Robert Parry
Arlington (VA): The Media Consortium, 2004; $22.95 (US); p/b
Order from
<www.secrecyandprivilege.com>
This is the book I have enjoyed most since the last Lobster and it is one of the best books I have read on American politics and parapolitics. Robert Parry really is very good indeed: he has the serious investigative journalist’s care with sources and that simple, transparent style which lets the reporting speak for itself.
This is a survey of Republican politics since Watergate, a set of essays on the big (para)political events of the last 30 years which show that since Nixon ([8]) the Republican Party has been the political front for a series of massive criminal conspiracies. We might say that the Republican Party is an ongoing criminal conspiracy. Gore Vidal’s quip that there is one political party in the US, with two wings, is only half true. I don’t want to sound too naive here, but whereas the Democratic administrations (Carter, Clinton) mostly tried to do things for the common good as they perceived it (within the limitations imposed by their sources of finance), behind the Republican rhetoric of freedom and Jesus are crooks, gangsters, assassins and torturers as well as their corporate sponsors.
Parry discusses:
- Watergate (he has a new answer to the question: Why were they bugging Spencer Oliver’s phone? This is discussed elsewhere in this issue.)
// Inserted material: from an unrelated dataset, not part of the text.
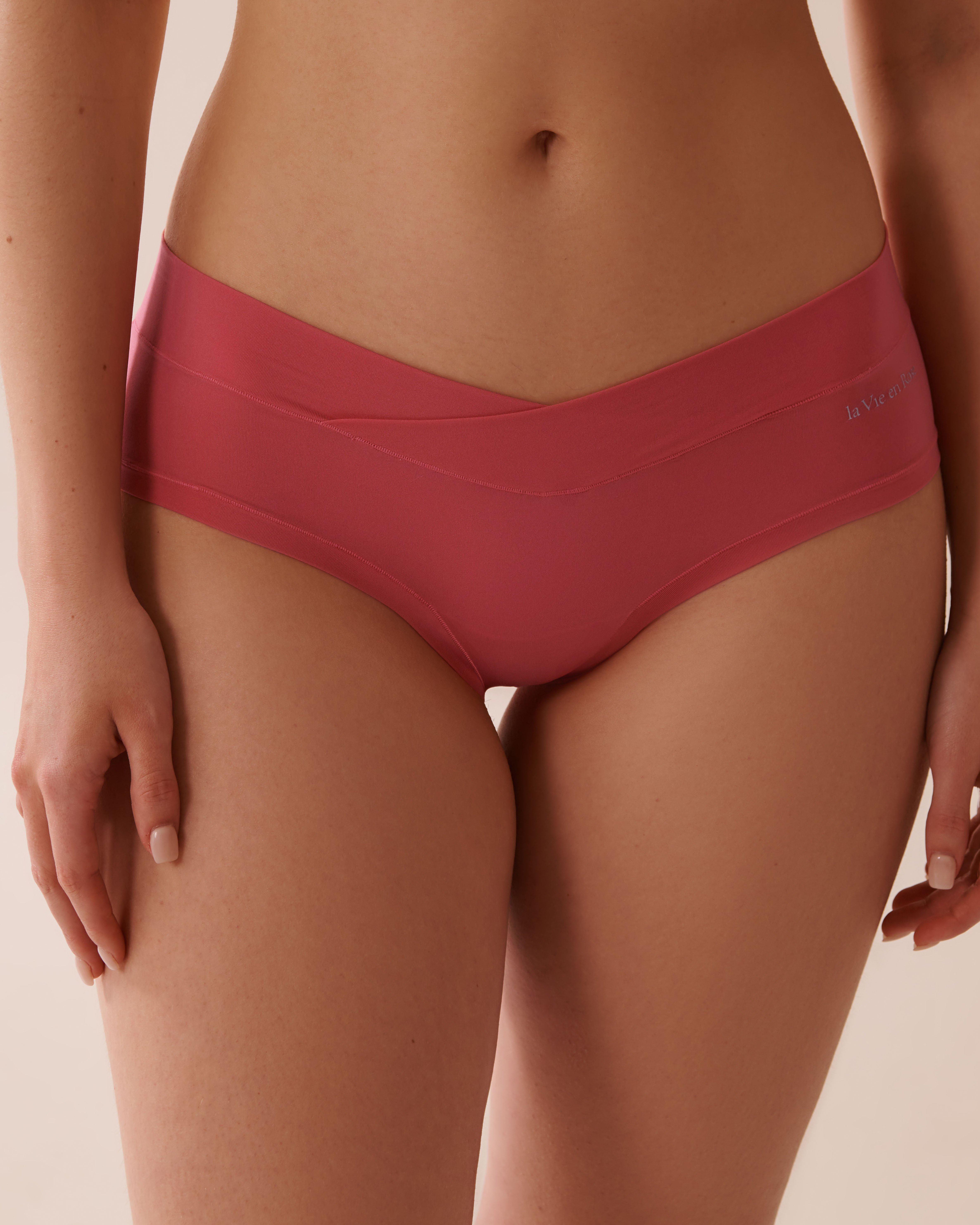 LA VIE EN ROSE Perfect Fit Hiphugger Panty Watermelon Pink 20200628 - View1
- The senior Bush’s role as Republican National Committee chair during Watergate; and then as head of the CIA during the post Watergate period, notably the Team B episode which paved the way for the Second Cold War of the Reagan years.
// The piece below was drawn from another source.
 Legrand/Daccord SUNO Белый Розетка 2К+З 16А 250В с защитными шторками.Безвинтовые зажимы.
- The October Surprise of 1980 and the media’s false ‘debunking’ of the story.
- The politicisation of the CIA under Reagan and Casey and the fabrication of the ‘Soviets support for terrorism’ thesis.
- The role of the Moonies and their money through the 1980s.
- Iran-Contra
- CIA-cocaine
- The post-Watergate creation by the Republican right-wing of an alternative media and ‘counter-establishment’ essentially a set of psy-war outfits to attack the Democrats and inhibit the media in exposure of future scandals.
- The assault on Clinton and Al Gore by that right-wing media.
- The stealing of the 2000 election.
Those are the major headings; and if they sound familiar, their treatment by Parry isn’t. Much of this is reworked with new sources and from new angles.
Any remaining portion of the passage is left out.